● Records for the task
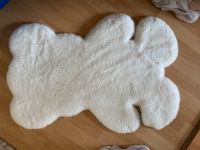 Teppich „Teddy“ Niedersachsen - Hameln Vorschau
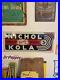 Vintage-Original-Nichol-Kola-Cola-Diner-Sign-Advertising-Store-Display-27-01-re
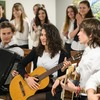 Initiatives of the State Institute for Culture in the Month of Francophonie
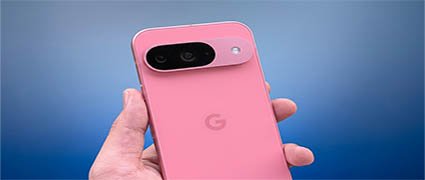 Google prepara recurso que grava conversas importantes automaticamente nos celulares Pixel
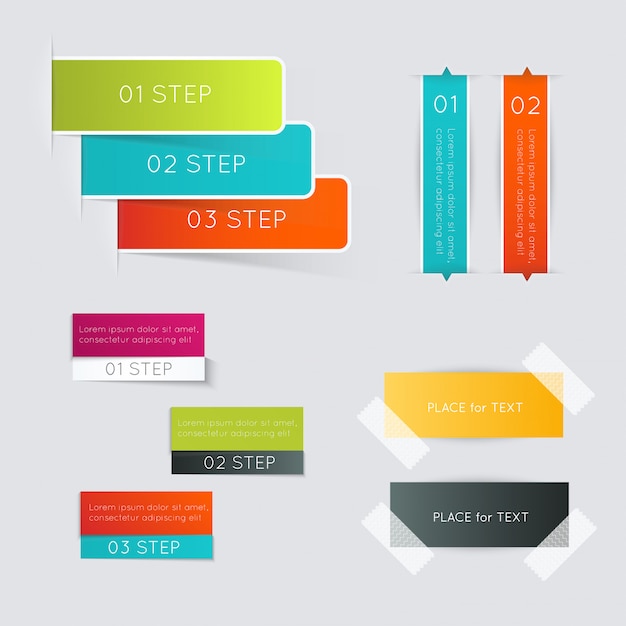 font color boxy svg font color boxy svg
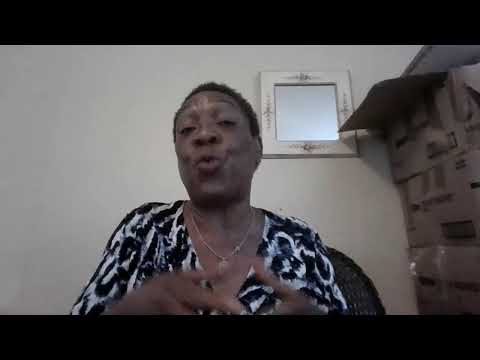 #freeLAJ #chikin #casadakitchen WHY THE V.P  Juldeh Jallah is behind this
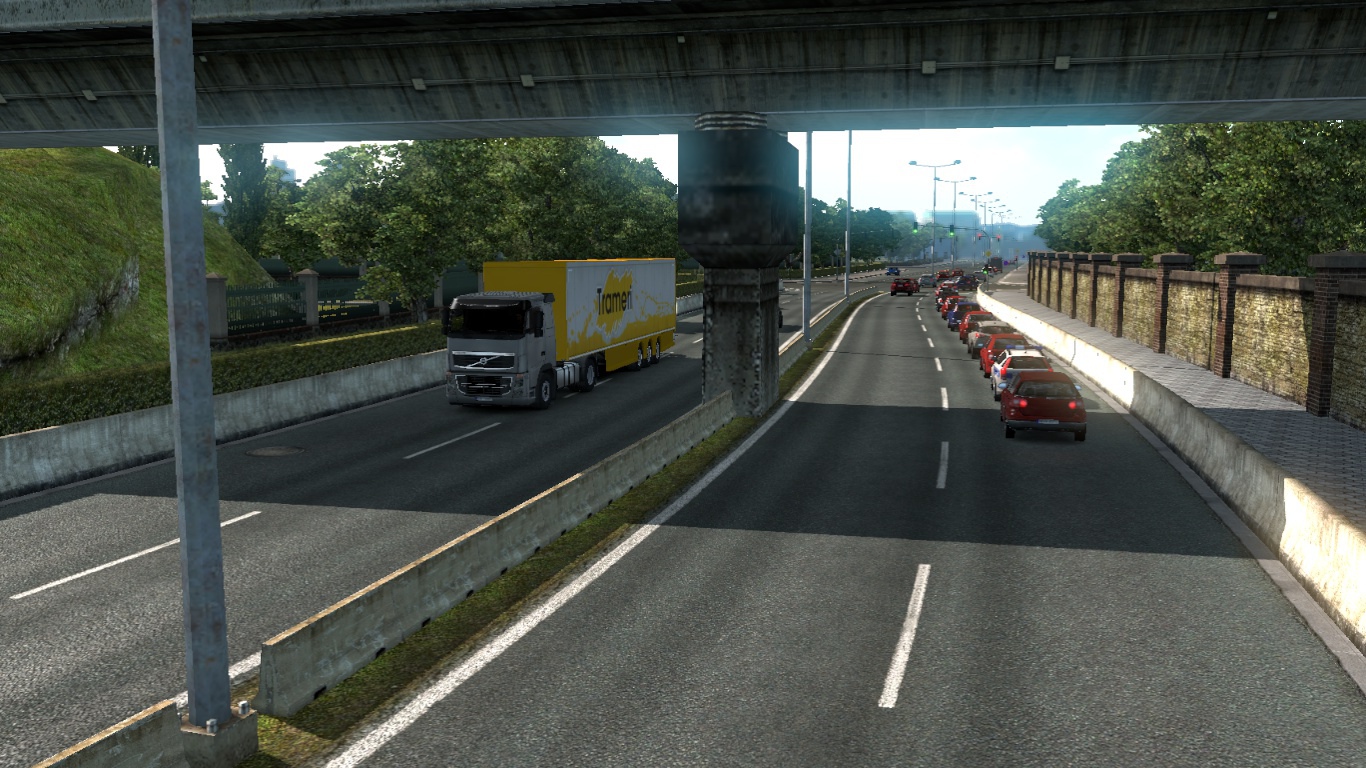 Image by maniek77111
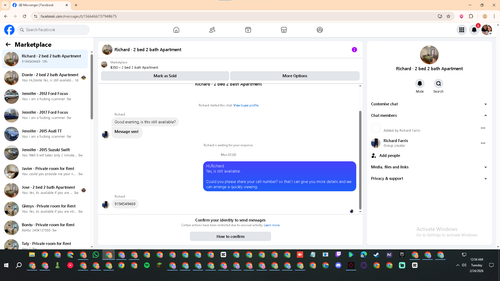 Screenshot 2026 02 24 005452.png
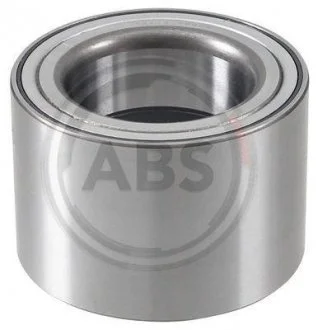Підшипник колеса, набір NISSAN A.B.S. A.B.S. 201711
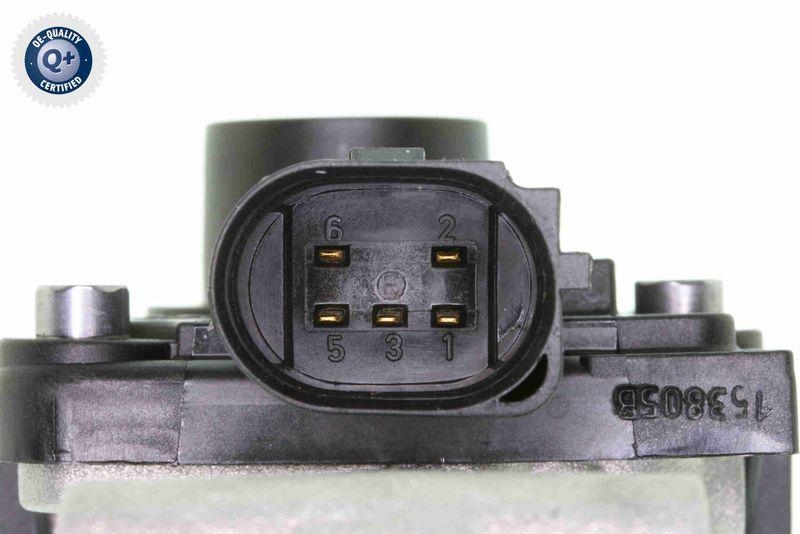 VEMO V10-63-0059 AGR-Ventil f&uuml;r VW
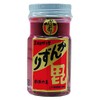 Niigata Prefecture Delicious Echigo Meoka Pepper Seasoning (Kanzuri) (1.7 oz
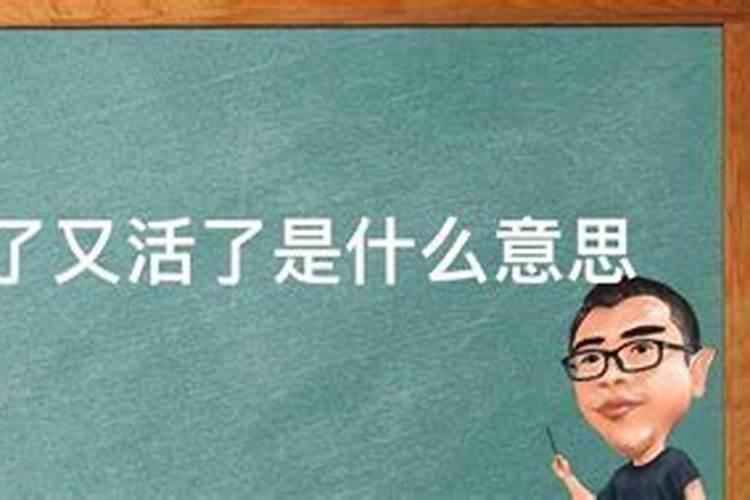 属鼠的女宝宝取名字用哪些字好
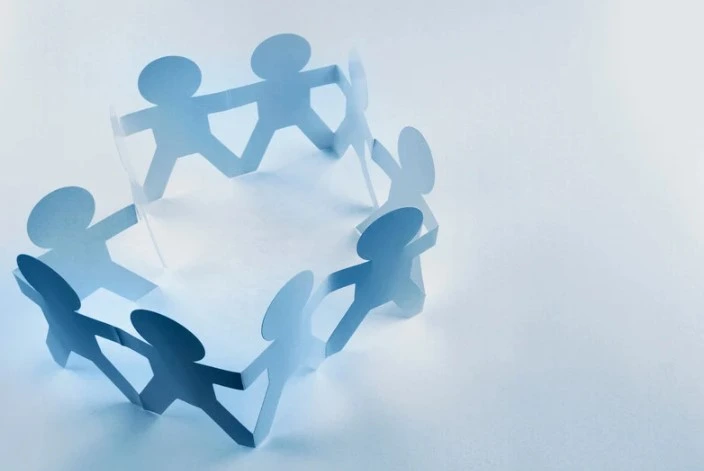 The Key Benefits of a Team-Oriented Workplace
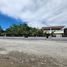 4 Bedroom House for sale in Zambales Central Luzon, Olongapo City, Zambales, Central Luzon, Philippines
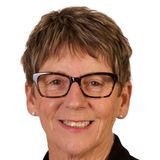 Beverly 0032800000qFE2LAAW Ross 0032800000qFE2LAAW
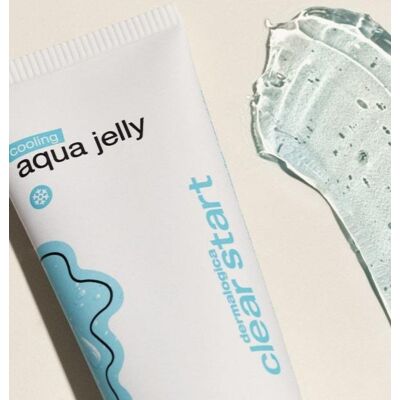 Dermalogica Cooling Aqua Jelly 59ml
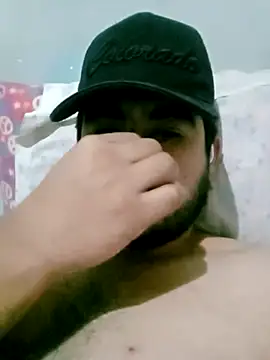 Yerackhip online show from 02/20/26, 11:45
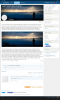 XenPorta2_Views.png XenPorta2_Views.png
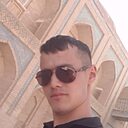 Знакомства: Мухаммад, 30 лет, Астрахань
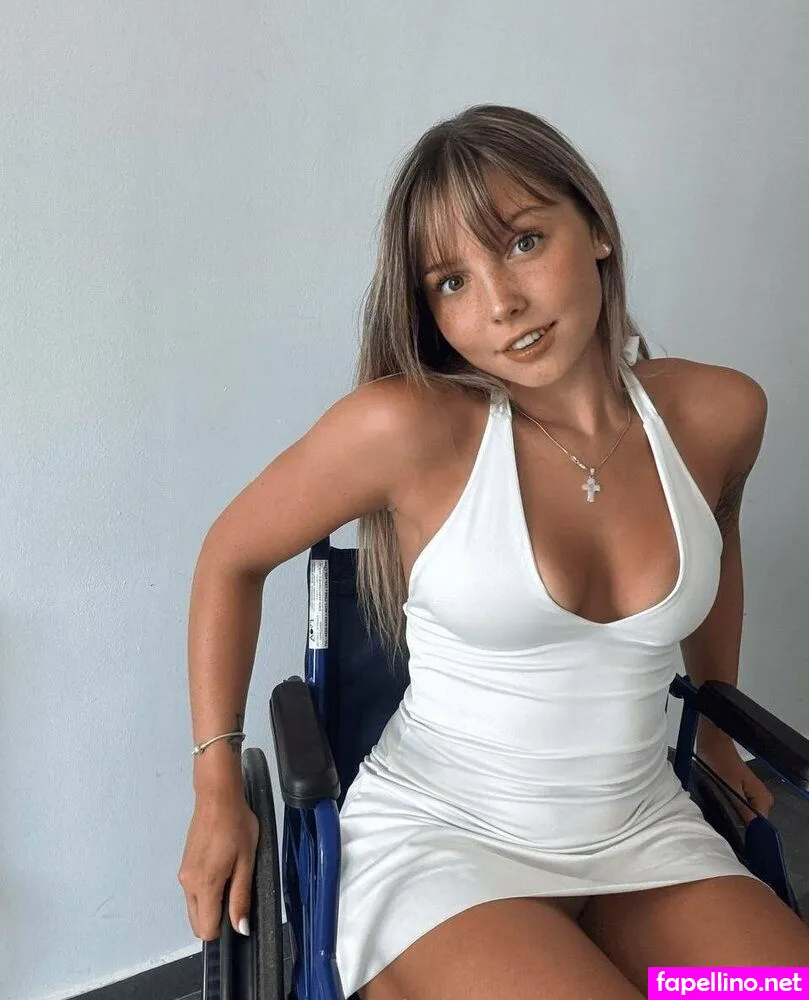 thepantyqueen Nude Leaked OnlyFans Photo #HeGkB6MmAn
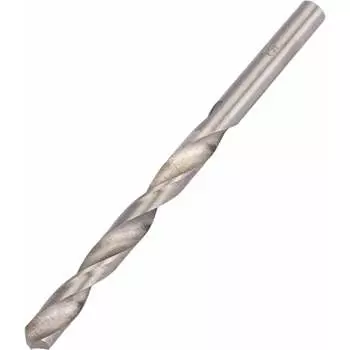 Сверло по металлу SKRAB 30060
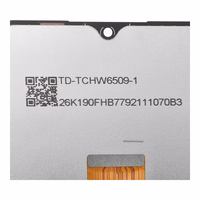 FixCell LCD ekranas SAMSUNG a12 a125 OEM be rėmelio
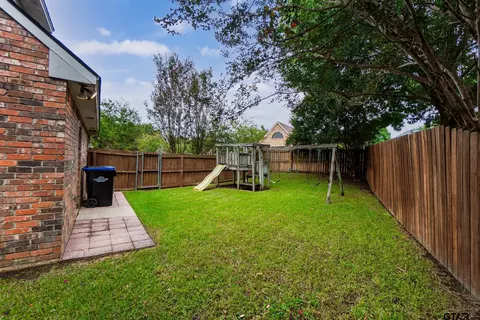 105 Brookside Cir, Longview, TX 75604 photo 35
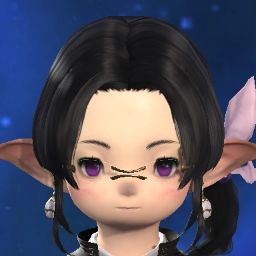 Certified Lalafell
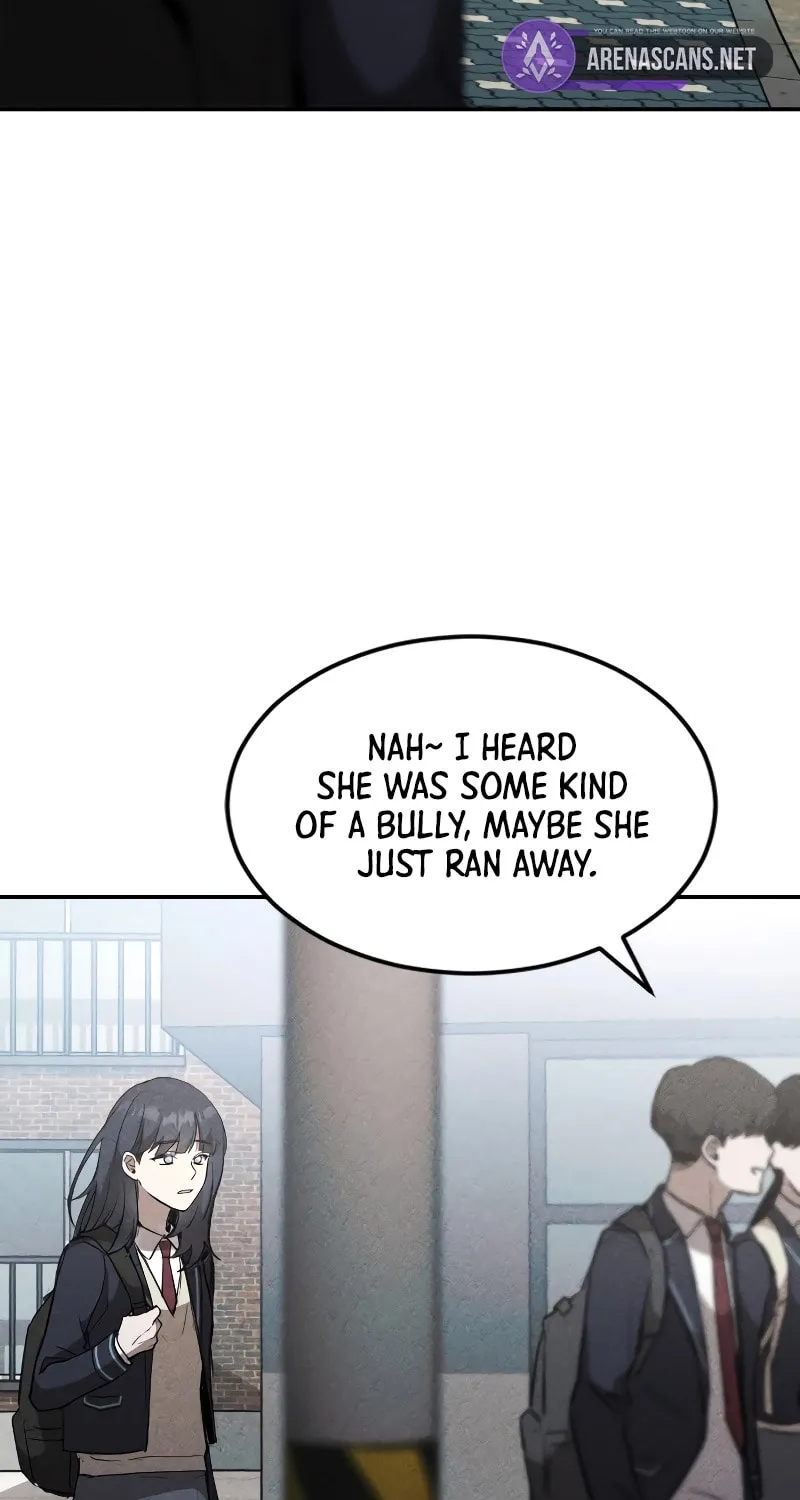 Read Golden Lily chapter 1 image 50 on Lezhin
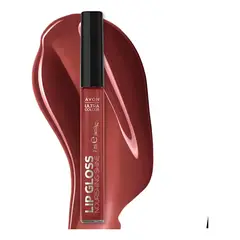 AVON - Ultra Gloss Rusty Luster Brillo Labial 7 Ml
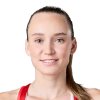 Elena Rybakina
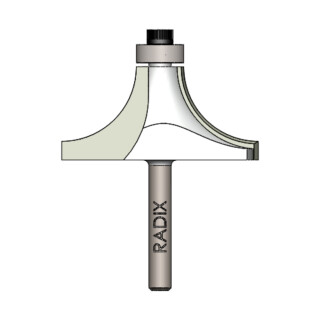 Fresa-Raio-com-Rolamento-15mm-1974130.01-Radix-3-FERAACE045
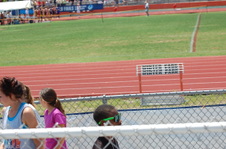 Enlarge photo 471
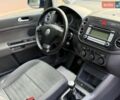 Синий Фольксваген Гольф Плюс, объемом двигателя 1.6 л и пробегом 130 тыс. км за 7999 $, фото 61 на Automoto.ua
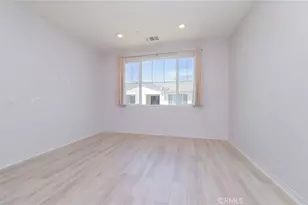 16681 Wyndham, Fontana, CA 92336 - Photo 12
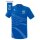 Erima Racing T-Shirt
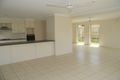 Property photo of 9 Moonie Drive Coomera QLD 4209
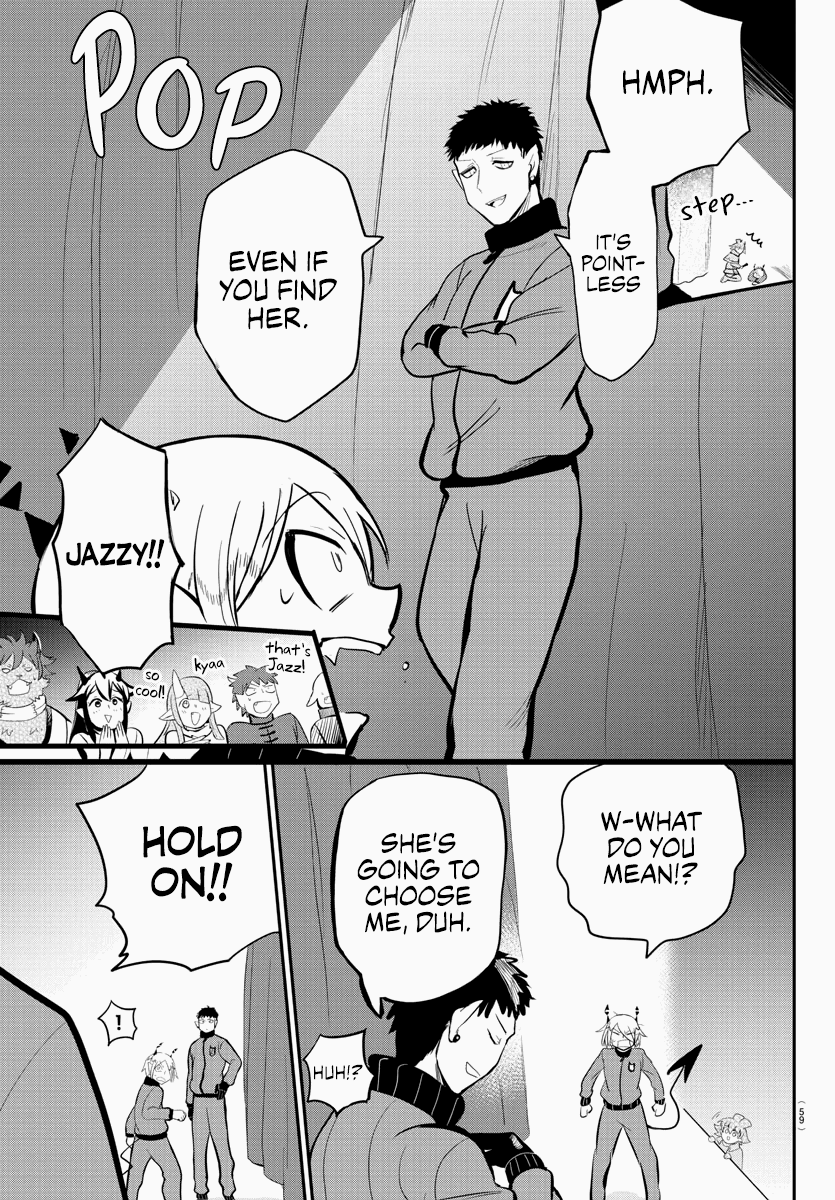 mairimashita-iruma-kun-chap-167-12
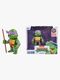 Turtles Donatello Figur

● Task requirements
The answer must be an exact copy of the lines above, from the start of the records through the line with "thepantyqueen Nude Leaked", and of nothing else; no pictures belong in it.

● Solution
 Teppich „Teddy“ Niedersachsen - Hameln Vorschau
 Vintage-Original-Nichol-Kola-Cola-Diner-Sign-Advertising-Store-Display-27-01-re
 Initiatives of the State Institute for Culture in the Month of Francophonie
 Google prepara recurso que grava conversas importantes automaticamente nos celulares Pixel
 font color boxy svg font color boxy svg
 #freeLAJ #chikin #casadakitchen WHY THE V.P  Juldeh Jallah is behind this
 Image by maniek77111
 Screenshot 2026 02 24 005452.png
Підшипник колеса, набір NISSAN A.B.S. A.B.S. 201711
 VEMO V10-63-0059 AGR-Ventil f&uuml;r VW
 Niigata Prefecture Delicious Echigo Meoka Pepper Seasoning (Kanzuri) (1.7 oz
 属鼠的女宝宝取名字用哪些字好
 The Key Benefits of a Team-Oriented Workplace
 4 Bedroom House for sale in Zambales Central Luzon, Olongapo City, Zambales, Central Luzon, Philippines
 Beverly 0032800000qFE2LAAW Ross 0032800000qFE2LAAW
 Dermalogica Cooling Aqua Jelly 59ml
 Yerackhip online show from 02/20/26, 11:45
 XenPorta2_Views.png XenPorta2_Views.png
 Знакомства: Мухаммад, 30 лет, Астрахань
 thepantyqueen Nude Leaked OnlyFans Photo #HeGkB6MmAn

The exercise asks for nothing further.